Birliği Güçlendirme Vakti

Ak Parti Elazığ Belediye Başkan adayını geçtiğimiz pazar günü Haliç Kongre merkezinde açıkladı.

TAKİP ET

Cumhurbaşkanı Erdoğan'ın elini kaldırarak ve “Elazığ'da mevcut Belediye Başkanımız Şahin Şerifoğulları ile durmak yok yola devam diyoruz” sözleriyle kamuoyuna duyurulan Şahin Şerifoğulları, salı günü ilimize geldi.

Havaalanında yoğun bir sevgi seli ile karşılanan ve yol boyu tezahüratlar ve sloganlarla önü kesilen Başkan Şerifoğulları'nın konvoyu, iki saatte Ak Parti il binasına anca ulaşabildi.

Havaalanı konuşması, parti balkon konuşması ve parti basın toplantısında çok güzel birlik ve beraberlik mesajları verildi.
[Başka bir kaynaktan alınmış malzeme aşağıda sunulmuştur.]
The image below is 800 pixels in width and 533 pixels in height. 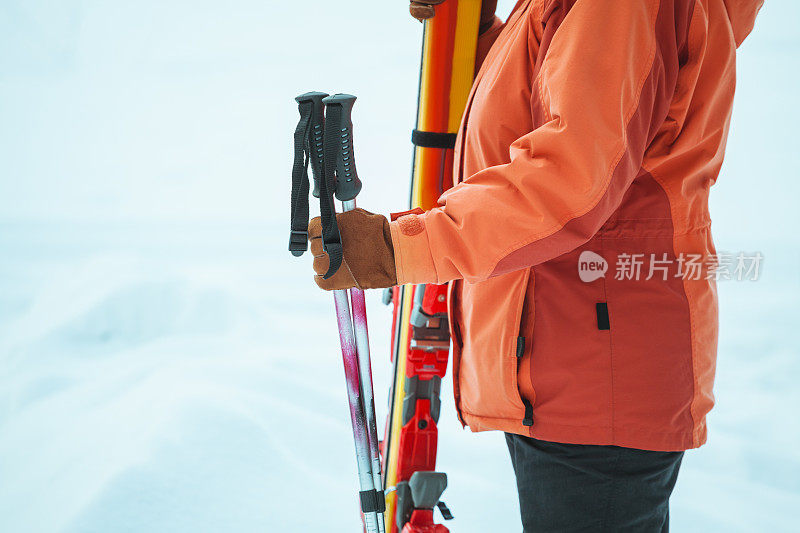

Zaten günler öncesinde başkanı atanan SKM toplantısı yapıldı ve çalışmaların planlaması görüşüldü.

İl başkanı, milletvekilleri, Belediye başkanı ve partinin yetkili tüm organlarıyla gerçekleştirilen başarılı ve verimli toplantıda istişareler yapıldı, görüşler ortaya kondu.

Herkesin hedefi seçim kazanmak ve bunun için yoğun gayret göstermekti. Ancak toplantı sonrası öyle bir tablo sergilendi ki sanki Ak Parti'de bölgesel bir ayrışma, rekabet ve çekememezlik algısı oluşturulmaya çalışıldı.

Ak Partinin ruhunda, genlerinde ve müstebatında bölgeselciliğe yer yok. İnançlarından aldığı referanslar da zaten buna engel. Durum bu olmasına rağmen, belirli bir bölgeden isimlerin yine belirli ilçe ve beldelere giderek siyasi çalışma yapma adına belirli mahfillerde farklı yorumlanabilecek ve karşı adımı getirebilecek bir tablo ortaya koymaları çok doğru bir davranış olmadı gibi.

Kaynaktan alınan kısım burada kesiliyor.